So check me on this; I’m no political wonk, but I think I’ve got this right. I’ve been hearing a lot of people talk about the deep divide in this country, as proven by the fact that the election was so close. And I think that from this point forwards, the election is pretty much always going to be that close, going to come to a razor-thin margin, a nail-biting conclusion, because in this era of Big Data, politicians have a lot more information about what voters want than they used to. And so they’re going to generally race to the center, wherever that center is, and position themselves right there on the edge of that dividing line. (Even allowing for Trump’s volatility, I think the Republican machine mostly managed to get him there, and where they failed, I suspect Clinton ended up meeting him wherever he was.)
This is illustrated by the hot dog stand / gas station problem, known in economics as Hotelling’s Law (https://en.wikipedia.org/wiki/Hotelling%27s_law). This is what ends up causing two hot dog stands on the beach to end up right next to each other in the middle of the beach, rather than spotted one-third and two-thirds of the way down the beach, as would be more rationally convenient for the customers. They might start out in those positions, but when stand A realizes they can grab a little business (a few votes) by inching towards the center, they do that. And then stand B follows suit, and so they end up back-to-back in the middle of the beach. That’s also why you end up with three or four gas stations on the same intersection — they’ve raced to maximize their ability to grab customers.
So it’s not really that our country is any more deeply divided than it has ever been before, though it may feel that way. It’s that we’ve gotten very good at finding the exact dividing line, and, not incidentally, concentrating all our efforts during a general election on widening that crack.

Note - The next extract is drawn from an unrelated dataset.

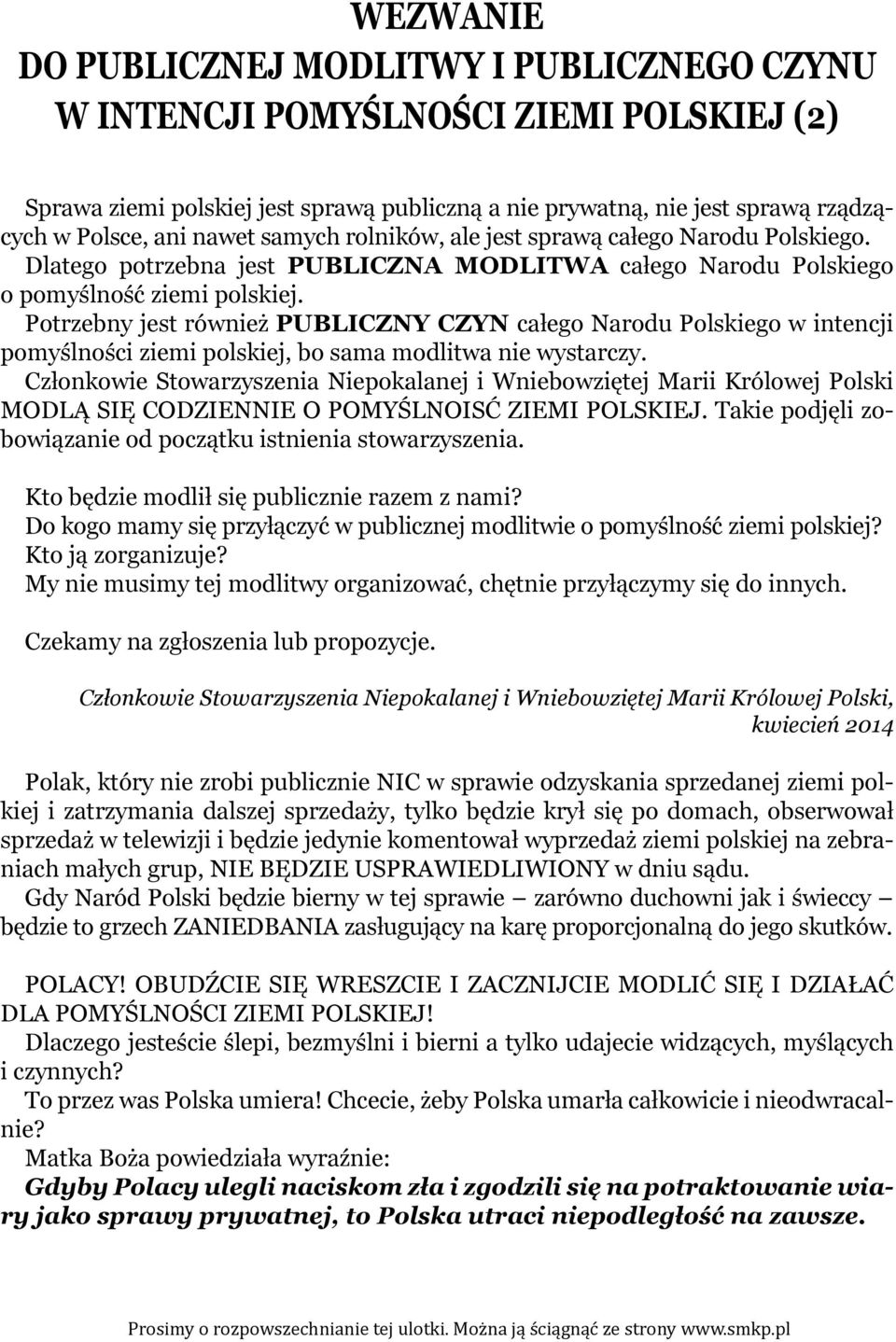 Potrzebny jest również PUBLICZNY CZYN całego Narodu Polskiego w intencji pomyślności ziemi polskiej, bo sama modlitwa nie wystarczy.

So what does all that means for this particular election? I end up with four conclusions:
a) For those who are feeling shocked that almost half the country is willing to vote for someone who is advocating homophobia, misogyny, and racism, not to mention willing to throw people in desperate poverty under the bus — well, even if we’d ended up barely on the other side of that line and won the election, almost half the country was still willing to vote for that. That’s the reality of America right now. That’s the battle for hearts and minds that we have to win if we want things to change.
b) Change is possible, but it doesn’t come at the end of an election cycle. It has come earlier, moving the Overton window so that the center, the dividing line, shifts right or left. The politicians will follow us (because whatever their own ideology, they know they need to get elected first to implement their visions), and even a Bernie Sanders can only do so much to drag the Overton window without a groundswell of popular support behind him or her. I don’t think Sanders would have had a chance without the Occupy movement before him, putting income inequality squarely in the public eye, popularizing the phrase “the one-percent.” Pick your causes and support them now.
c) If half the country is against you (and would have been even if we’d won), half the country is with you. Try to concentrate on that for the next fight.
d) Third-party candidates are always going to be seen as spoilers from now on, because if it comes to that razor-thin margin, then inevitably, anyone who votes for them in swing states will, actually, likely help swing the election. If you really want to break down the two-party system, if that’s your cause, then I think you need to build up that third-party substantially, so it actually has a shot. Until then, people are going to be angry if you vote third-party in a swing state, because you’re saying that you think a faint nod towards breaking down the system is more important than the actual immediate consequences of electing the other guy. In this particular case, lives will be lost as a result of this election, on the healthcare front certainly, and probably elsewhere. That’s what lives on that bright dividing line.